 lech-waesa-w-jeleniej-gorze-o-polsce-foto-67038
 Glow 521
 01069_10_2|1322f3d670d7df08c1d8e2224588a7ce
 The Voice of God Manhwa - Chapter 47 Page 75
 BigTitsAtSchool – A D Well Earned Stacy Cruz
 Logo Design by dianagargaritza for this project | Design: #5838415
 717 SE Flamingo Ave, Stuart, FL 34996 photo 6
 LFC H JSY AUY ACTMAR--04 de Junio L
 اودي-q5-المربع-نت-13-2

-------------------------

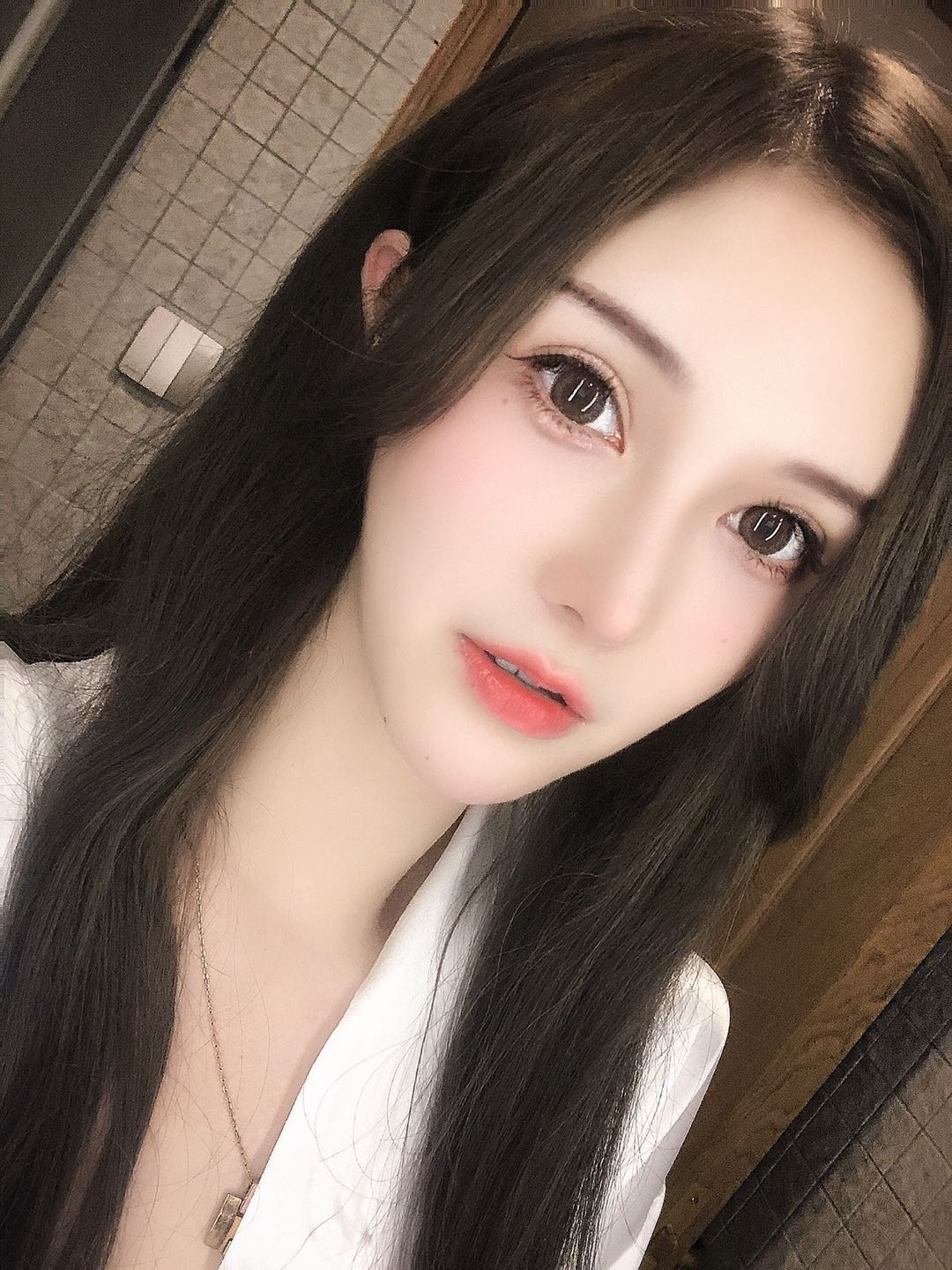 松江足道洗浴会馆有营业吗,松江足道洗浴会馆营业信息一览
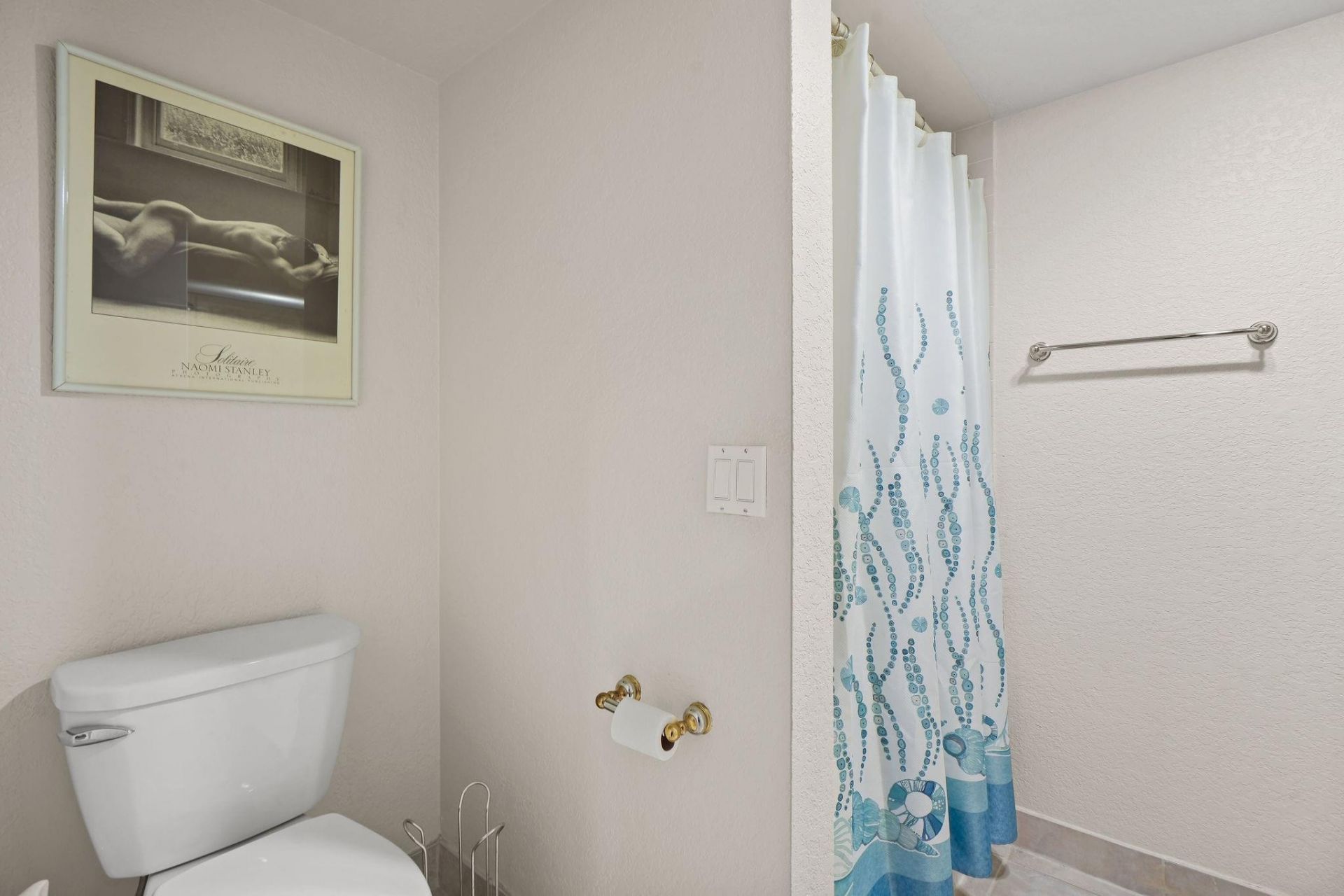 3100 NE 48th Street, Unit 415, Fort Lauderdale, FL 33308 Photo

-------------------------

→ Goal of the exercise: In the listing above, start at the line with "Logo Design by", go on through the line with "اودي-q5-المربع-نت-13-2", and copy each of those lines exactly; leave out all the rest.

→ Reply to the exercise:
 Logo Design by dianagargaritza for this project | Design: #5838415
 717 SE Flamingo Ave, Stuart, FL 34996 photo 6
 LFC H JSY AUY ACTMAR--04 de Junio L
 اودي-q5-المربع-نت-13-2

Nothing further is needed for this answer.